Author: Kirsten Olson
No. of Pages: 213
First Released: 2009
Synopsis (Courtesy of FSB Associates): “While reformers and policymakers focus on achievement gaps, testing, and accountability, millions of students mentally and emotionally disengage from learning and many gifted teachers leave the field. Ironically, today’s schooling is damaging the single most essential component to education – the joy of learning.
How do we recognize the ‘wounds’ caused by outdated schooling policies? How do we heal them? Kirsten Olson brings to light the devastating consequences of an educational approach that values conformity over creativity, flattens student’s interests, and dampens down differences among learners. Drawing on deeply emotional stories, Olson shows that current institutional structures do not produce the kinds of minds and thinking that society really needs. Instead, the system tends to shame, disable, and bore many learners. Most importantly, she presents the experiences of wounded learners who have healed and shows what teachers, parents, and students can do right now to help themselves stay healthy.”

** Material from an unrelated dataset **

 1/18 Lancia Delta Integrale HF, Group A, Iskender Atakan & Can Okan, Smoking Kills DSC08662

Comments and Critiques: The timeliness of this book falling into my hands cannot be ignored. My son is a brilliant child. He knows more about dinosaurs and space, and did by the age of four, than I ever will in my entire life. At age four, he drew and created his own book – a Blue’s Clues book that actually had three different clues on different pages and a summary page, just like the TV show. He’s already been moved up a grade and yet…last year was a horrible school year. He failed to do any homework, shoved papers into his desk and never brought them home, was constantly getting in trouble/detentions for disrupting the class. We did not find out that there was a significant problem until well into the second half of the school year, at which time his teacher kept telling us that “Connor is too bright to be struggling this much”. As if the fact that he is intelligent precludes him from ever having difficulties in school. My husband and I tried to stay polite and work within the constraints given to us. Unfortunately, Connor continued to get detentions, failed assignments and generally struggled throughout the rest of the year. When asked, he swears that the teacher did not like him and would tell us of situations that occurred in the classroom where he was either ignored, belittled by the teacher, or both. We saw this incredibly talented, exceptionally bright, eager student who is absolutely fascinated by science turn into a sullen child who resented school and all but refused to do his homework. After reading this book, I now realize that my son has been severely wounded by school.

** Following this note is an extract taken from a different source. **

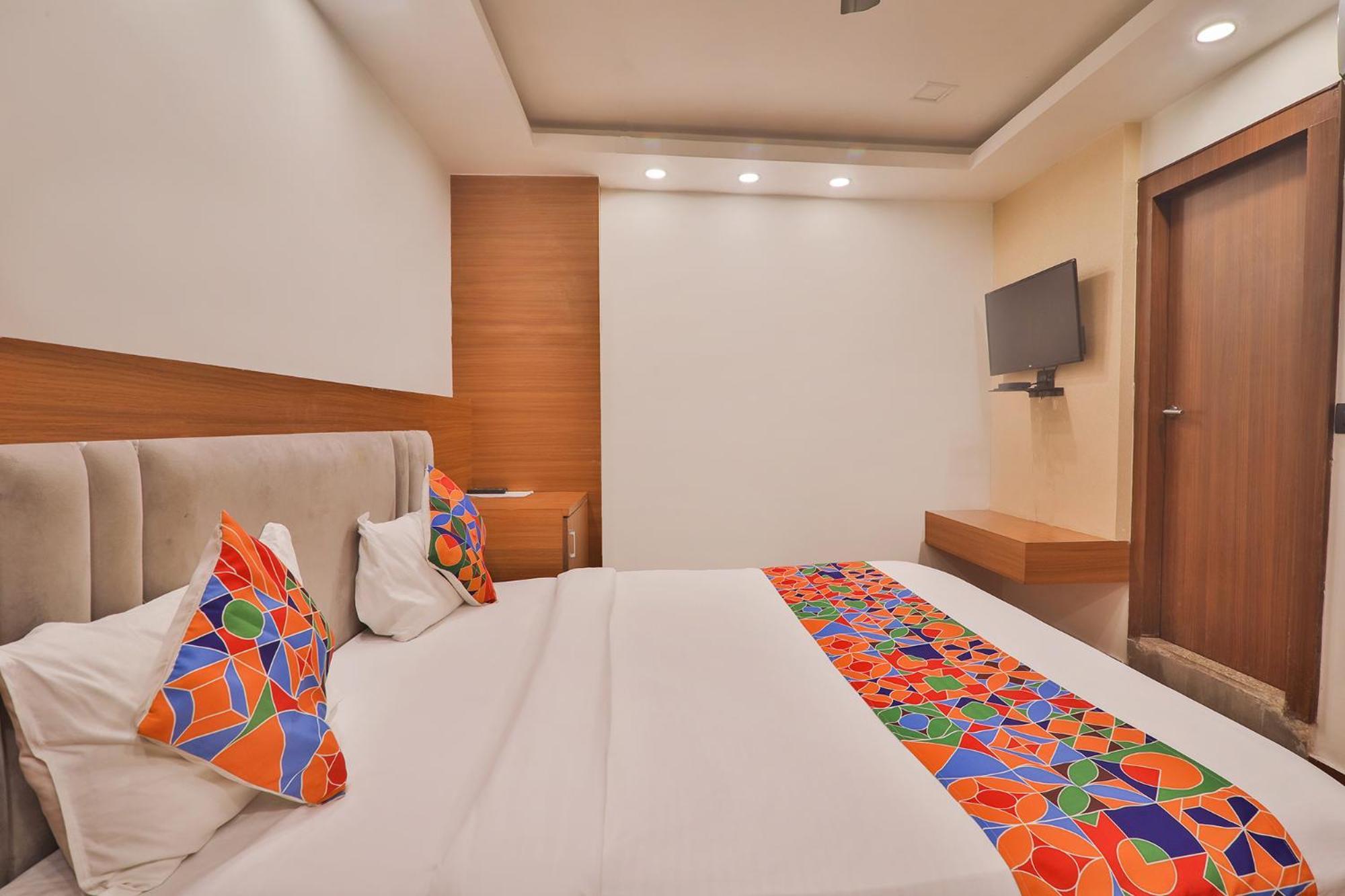 Fabhotel Shaurya Inn Лакхнау Екстер'єр фото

The main point behind this book is the fact that our world has changed dramatically over the years. The nearly instantaneous information gathering capabilities we now have should make learning even easier. However, our educational system was created around the Industrial Revolution, when information was difficult to disseminate and following orders reigned supreme. Even though our world, the technology we use, and our understanding of the brain and how we learn, have all changed completely over the years, our educational system has not. Rather, we continue to label and track children, focusing on grades and standardized tests rather than on nurturing children to think critically or actually learn useful information for their future. It’s an interesting prospect and one that explains why we cannot seem to perform better when compared to students in other countries, even though we spend millions of dollars on our schools throughout the nation.

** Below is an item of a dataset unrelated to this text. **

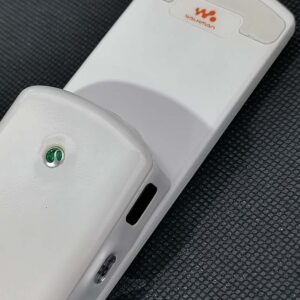 Sony Ericsson W900 W900i Unlocked 3G swivelling Walkman music-phone Works fine battery 1*battery - Image 4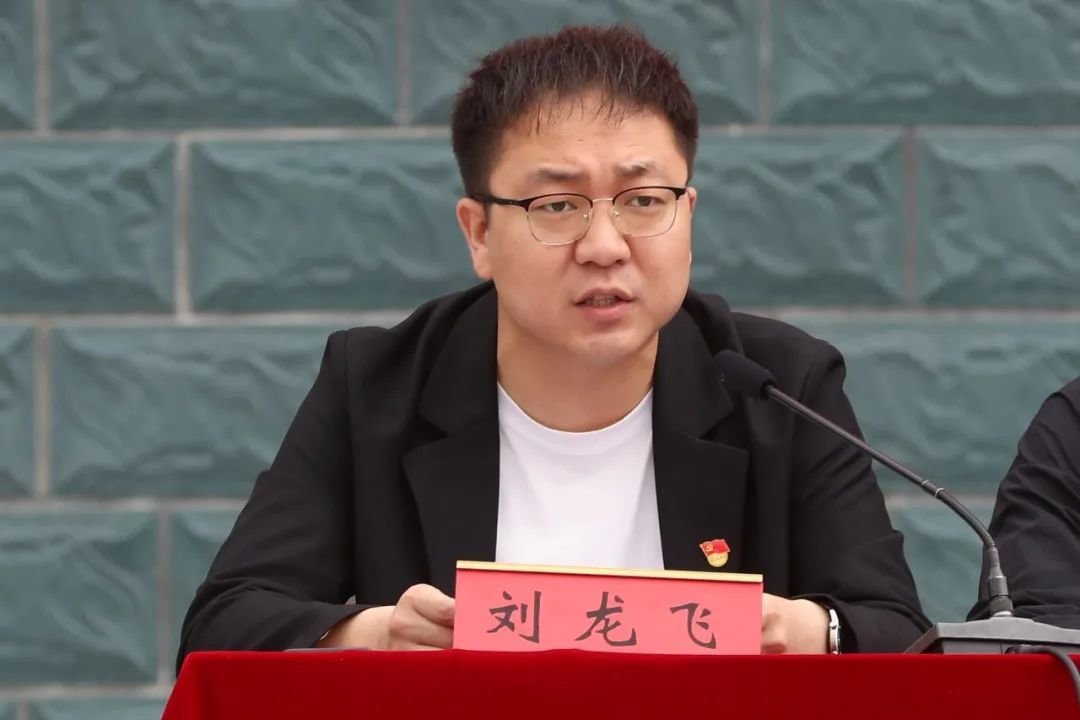 仪式由塔沟武校党委副书记刘龙飞主持,塔沟武校团委副书记耿如意宣读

Ms. Olson’s book is filled with stories and anecdotes taken from thousands of interviews of people who had school experiences just like my son. Some are still recovering from the pain, humiliation, self-doubt and outright trauma of the situations while others have persevered. While a large majority of her focus is on those with learning disabilities, Ms. Olson pulls no punches when she states that our current school system harms everyone – from burning out the talented and gifted to ignoring the ones in the middle to alienated and ostracizing those with problems, behavioral, cognitive or other. If we continue to ignore these traumas, we will continue to produce a workforce that is unprepared both socially and mentally for the business world and stand to lose the potential of hundreds of thousands of students who just give up.
Coming from a long line of educators in my family and having studied to become a teacher myself, I found Wounded by School to be a fascinating read only because education remains an interest of mine. As I’ve mentioned before, coming off of the school year and everything we faced with my son was also a factor in causing me to be so riveted to what Ms. Olson had to say. I was also forced to take a step back and contemplate my own experiences and how those experiences made me who I am today and shaped my own views on the educational system (there is a reason why I didn’t become a teacher). I truly appreciate that opportunity to review this book and already have a list of people and family members to whom I am either going to present the book or make them read it. Thank you to Caitlin Price at FSB Associates for this book!
If you doubt this whole concept of being wounded, I ask you to perform the following exercise, as stated in the book. Answering these questions will help you uncover your own attitudes about school and how your own school experiences shaped that attitude. Once you consider them, maybe we can all work together to ensure that our children are not Wounded by School, as we were.
1. Close your eyes and think back to your earliest memory of school. When was it and what was happening? How did this experience imprint upon you some basic feelings about the process of education? What feelings come up from these early memories?
2. What are the components of a positive learning experience for you? What makes a learning experience pleasurable for you?
3. How does what is in Question 1 compare with the material in Question 2?
4. What are you afraid of when you confront new learning experiences and in what contexts?
5. If you could design a school that incorporated the elements of positive learning experiences, what would it be like?